TASK DESCRIPTION: Return the records as they stand. No picture is to be included.

Crawled caption data:

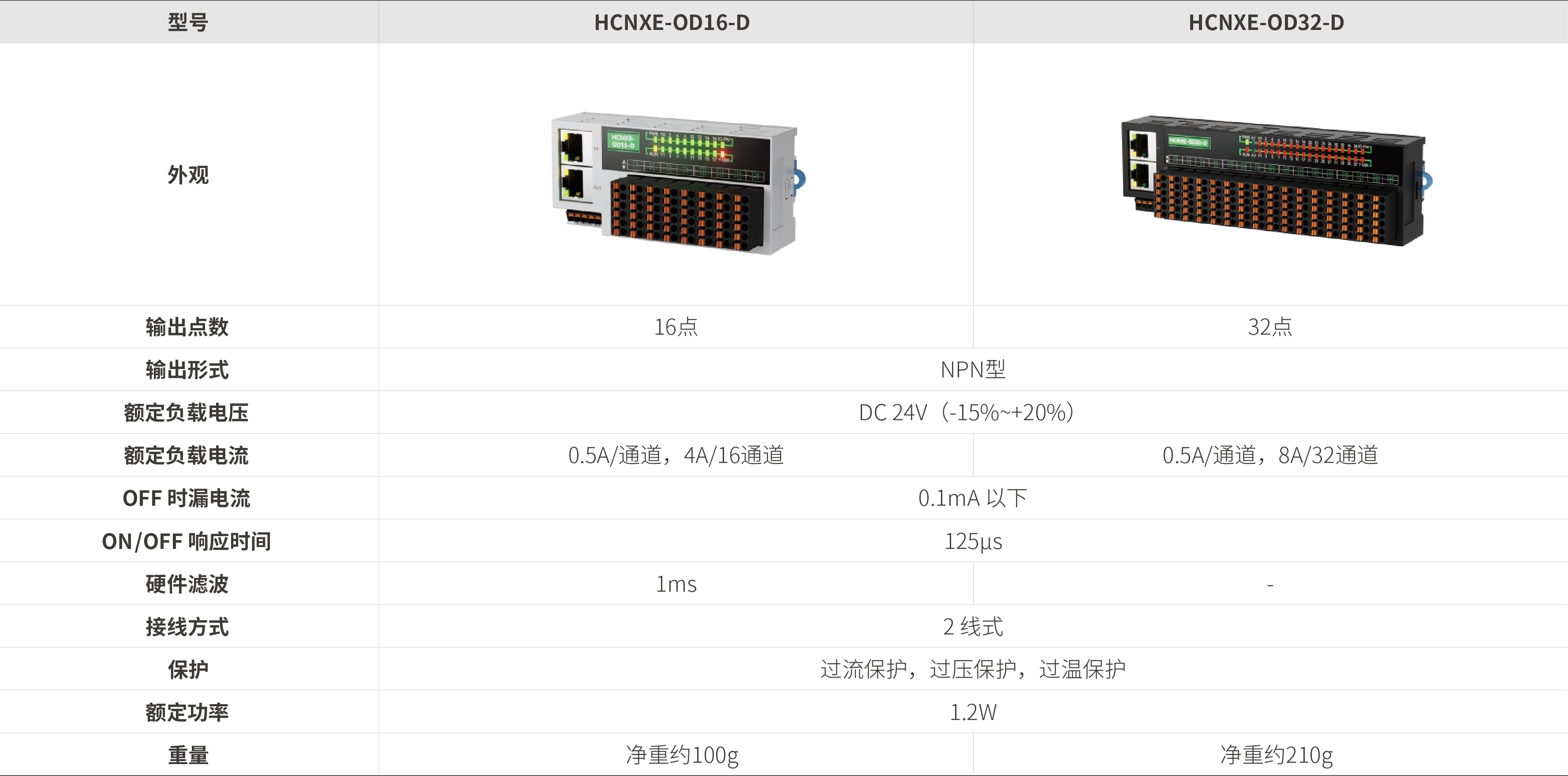 NXE系列远程IO-漫衍式数字量输出_画板2.jpg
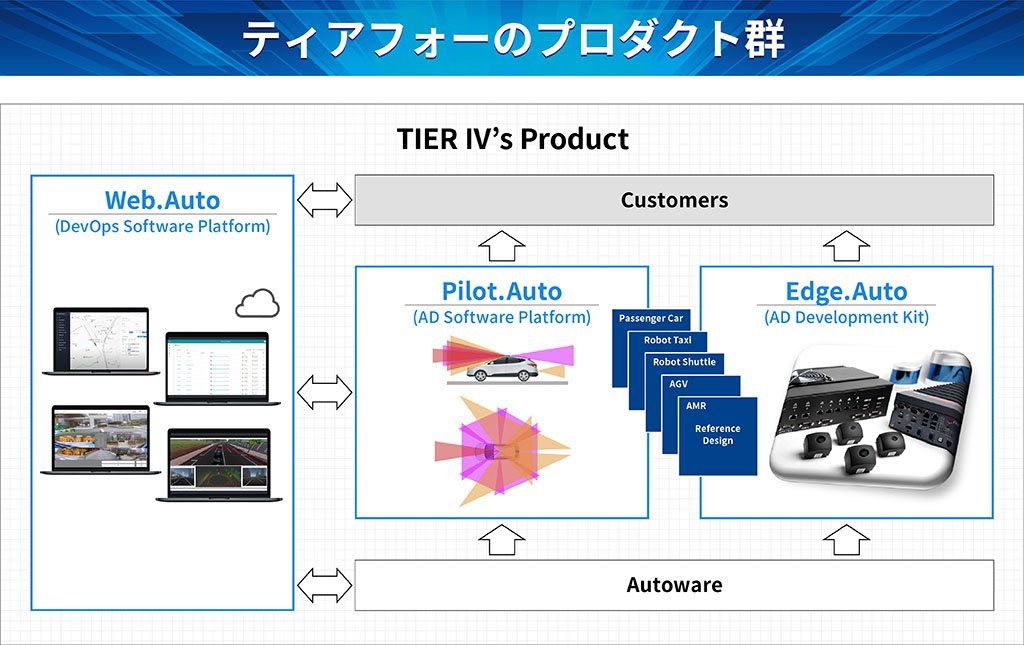 ティアフォーのプロダクト群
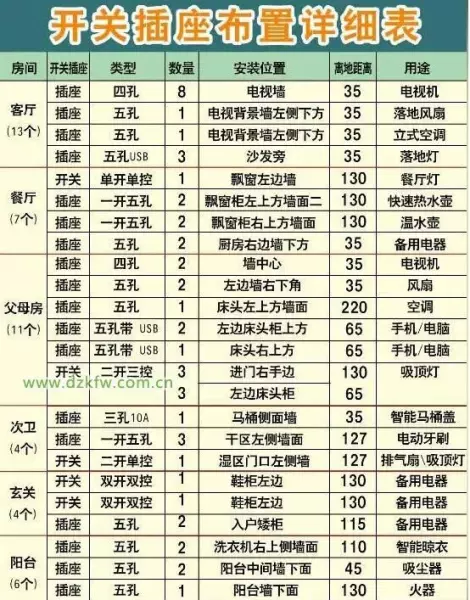 开关高度国家标准1.3是底还是顶吗(1)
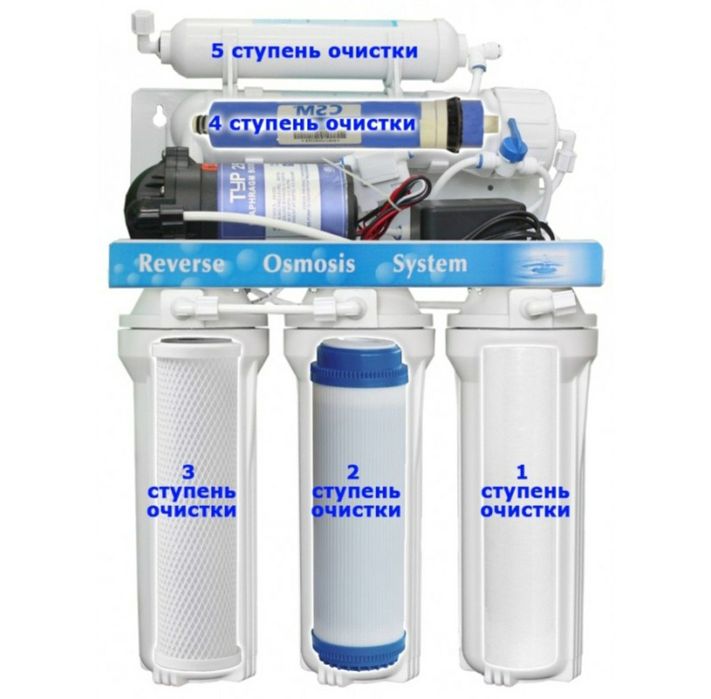 Филтрлар ичимлик суви учун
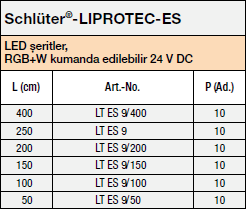 Schlüter®-LIPROTEC-ES 9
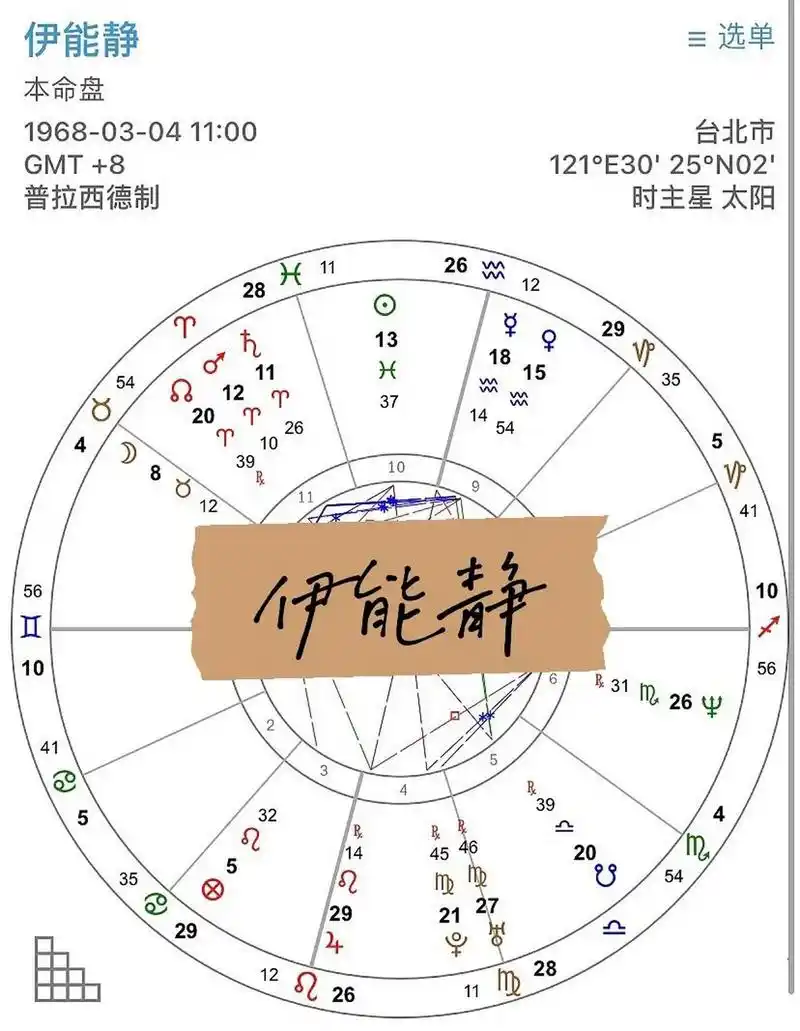 伊能静星盘简看 上升双子 命主星水星 太阳双鱼 月亮金牛 水星金星
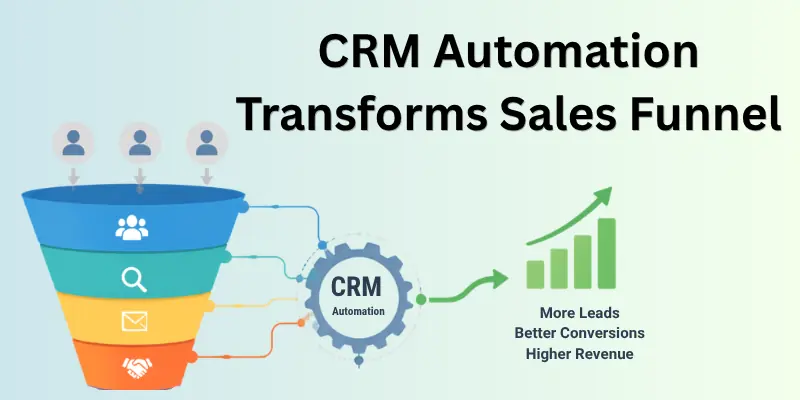 how CRM automation transforms the sales funnel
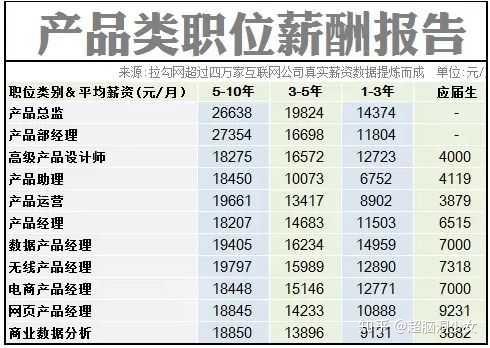 生产经理的月薪水平及行业薪资影响因素分析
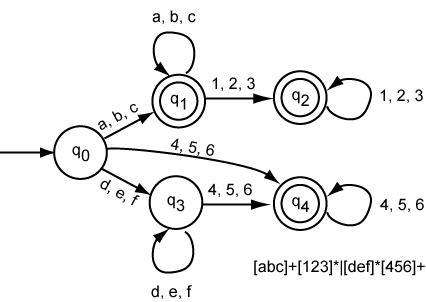complex automaton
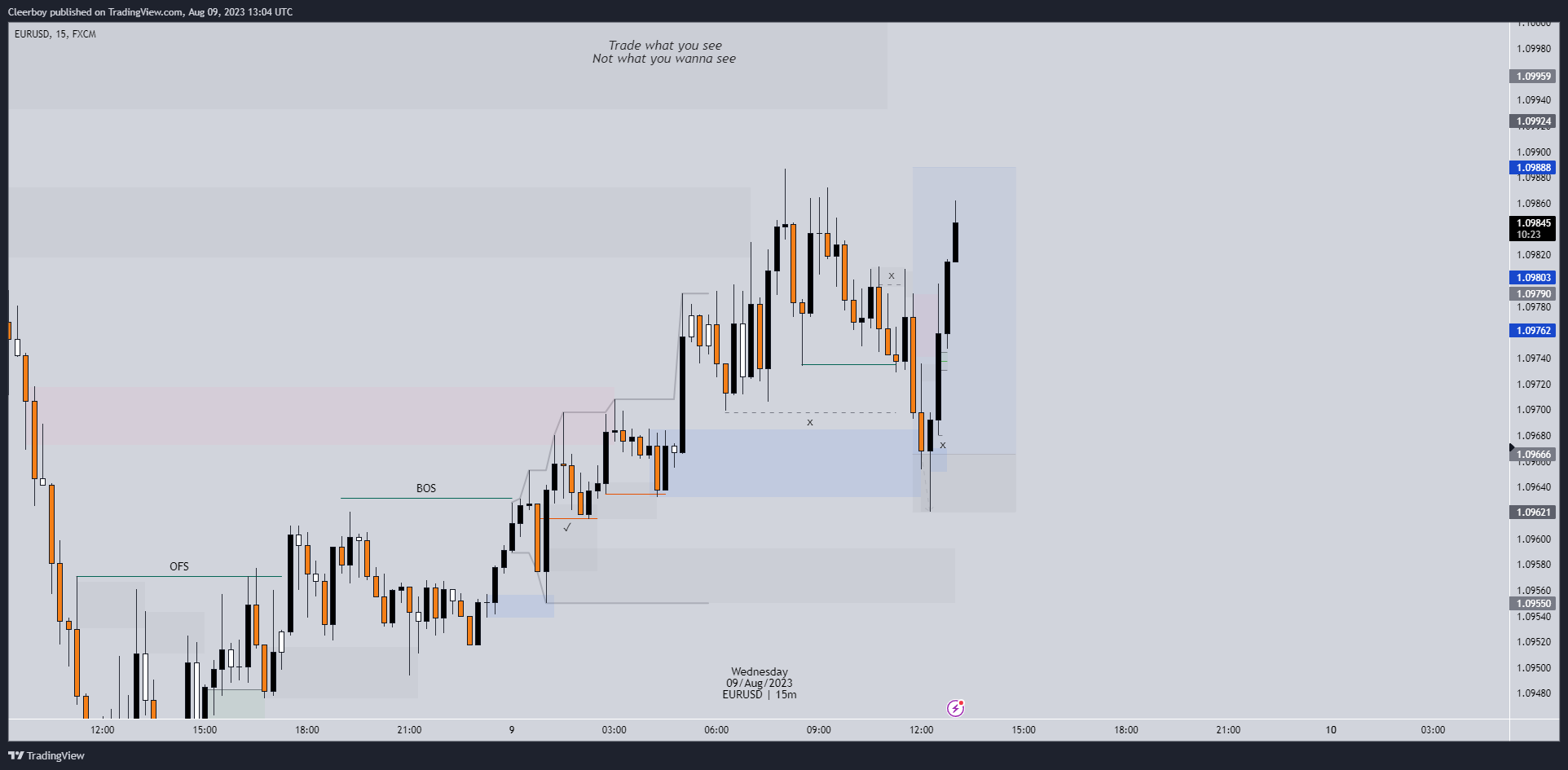 FX:EURUSD Chart Image by Cleerboy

RESPONSE TO THE EXERCISE:
 NXE系列远程IO-漫衍式数字量输出_画板2.jpg
 ティアフォーのプロダクト群
 开关高度国家标准1.3是底还是顶吗(1)
 Филтрлар ичимлик суви учун
 Schlüter®-LIPROTEC-ES 9
 伊能静星盘简看 上升双子 命主星水星 太阳双鱼 月亮金牛 水星金星
 how CRM automation transforms the sales funnel
 生产经理的月薪水平及行业薪资影响因素分析
complex automaton
 FX:EURUSD Chart Image by Cleerboy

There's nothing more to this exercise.